また、企業が消費者と取引を行う市場そのものが新しい形にトランスフォームしつつあり、ソフトウェアや人工知能のあり方と不即不離の関係にある。そこで、本書では産業丸ごとの転換、「インダストリアルトランスフォーメーション(IX)」を掲げることとする。
日本型経営の特色として、労使関係と職場の人材形成は英米と比較するとヨコ割りであり、それこそが強みだった。日本では職業別ではなく、企業別に労働組合が編成されている。個々の従業員のキャリアパスを見ると、多種多様なポジションをローテーションで回る人事慣行が確立されており、特定の仕事を超えたノウハウが身に付くことになる。
こういった環境によりカイゼン提案が出やすくなり、従業員の熟練を呼ぶ。このノウハウは時間を掛けて初めて体得できるものであり、客観的な言語で表現し教えるようなことはできない。また、企業を超えて熟練がシェアされることもない。
以上のような「会社タテ割り」とセットになったのが「業種」と言う発想である。戦後の日本経済は、主力となる業種を入れ替えることで成長してきた。企業にとっての競争とは、「業種」内での順位争いやシェア争いとしてイメージされる。このふたつの発想を打ち砕いたのが、デジタル化である。
政府もビジネスも、「IT産業」が既存の業界の外側にできたかのように考えて戦って敗れた。われわれは新しいロジックを理解し、身に刻まなければならない。
【第2章 抽象化の破壊力ー上がってから下がる】
人類にとってのデジタル化のスタートラインは19世紀の前半にある。計算の自動化・単純化を果たす「階差機関」と呼ばれる装置が発明され、その後自動織機をヒントにした「分析機関」が発明された。これによってあらゆる記号が処理可能となり、アルゴリズムの初期的な形が提示された。
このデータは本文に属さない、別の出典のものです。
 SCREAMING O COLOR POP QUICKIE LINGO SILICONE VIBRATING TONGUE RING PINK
言い換えれば、「特殊から一般」「具体から抽象」への発想の転換である。ここにデジタル化の革新がある。やがて分析機関が電気回路で実現され、またケーブルを使った通信の理論化が進み。1945年に世界初のコンピュータが誕生した。
高度成長期に入ると世界中が計算機の小型化を進め、プロセッサをひとつの半導体チップ(マイクロチップ)の上に実現できる技術が確立された。日本の企業ビジコンはこの技術を使った小型卓上計算機を設計して、製造をインテルに持ち掛けた。そこでインテルが興味を持ったのは設計図ではなく、計算プログラム(アルゴリズム)だった。インテルはより小型なマイクロチップを開発し、ビジコン社に対して納入価格を引き下げる代わりに、この権利を自らが取得し他社にライセンスする権利を得た。
インテルのような新しいビジネスモデルの登場により、日本企業だけではなくIBMのような「垂直統合型のすり合わせモデル」を採用していたコンピュータ産業全体が、水平分業化の波に飲まれていた。
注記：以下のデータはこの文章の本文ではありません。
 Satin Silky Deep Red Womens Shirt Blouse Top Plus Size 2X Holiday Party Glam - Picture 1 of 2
デジタル化の時代に不可欠なのは、この「まずは抽象化してみて、それから具体化する」という発想である。例えば、ドイツのある優良中堅企業が高収益を達成している理由は、まず世界中の顧客と直接コミュニケーションをとり直販する体制をとっていること。また、顧客からの多くの要望をもとにギリギリの標準化を進めていたこと。さらに自社製品についての注文だけではなく、販売先の企業の将来的な課題、またはさらに上流にいる顧客の将来をリサーチしていたことにある。
人工知能の発達を含むデジタル化の歴史は、人類の課題を解く共通の解法を探求し、創造することだと言える。コード化できる「形式知」は広い範囲での共有になじみ、コード化できない「暗黙知」は狭いコミュニティーの中での共有に馴染む。ヨコ割りの組織で暗黙知が強かった日本企業はデジタル化の流れに乗り遅れた。
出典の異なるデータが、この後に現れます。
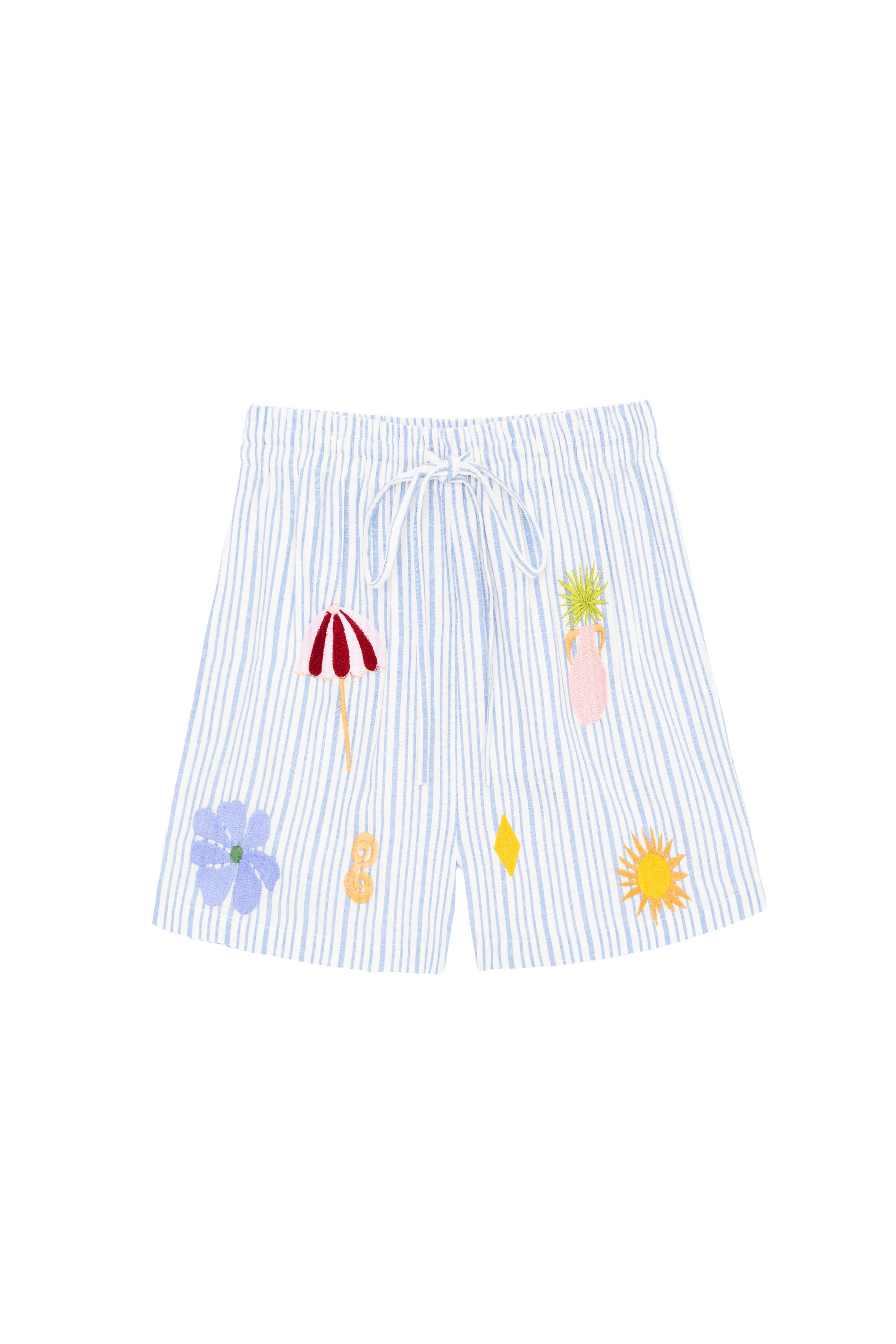 Shay - Short à rayures brodé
数学の問題に国籍・業種・企業による差は無いので、多様な存在を汎用的なやり方で捉えようという取り組みが、世界的なトレンドになっている。今世界中の製造業では、取り組んでいる様々な事柄を、国籍や業種などの区別に関係なく共通のアプローチで解けないか? と言うチャレンジが行われている。
【第3章 レイヤーが人間とコンピュータの距離を縮める】
デジタル化の基本的な特徴を一言で言えば、いくつものレイヤー、層が積み重なる構造をしている。タテ割りを作り出す構造であるピラミッド型は、その頂点を作り出すために他の部分が存在している。これに対しレイヤー構造はいくつもの層を積み上げ、ミルフィーユのような構造になっている。
あるレストランを例に挙げると、レイヤーの下から順番に食材・調理技術・そこから導き出された多数のレシピがあり、その上に当日の仕入れや天候・顧客データなどを考慮して日々作られすメニューがある。また医療機器で例えると、X線・CD・MRIによって得られたデータ層の上に、ネットワーキング層、データの保存や解析を行う層、ユーザとのインターフェース層などが乗り、その上に個々のアプリケーションが乗る。
なぜレイヤー構造になるのか。それは、コンピュータのわかる言葉と人間のわかる言葉の間にあるギャップを埋めるためである。コンピュータが理解できる言葉は、オンオフの電気回路のスイッチングで表現され、ゼロイチ表記であるビットに還元されなければならない。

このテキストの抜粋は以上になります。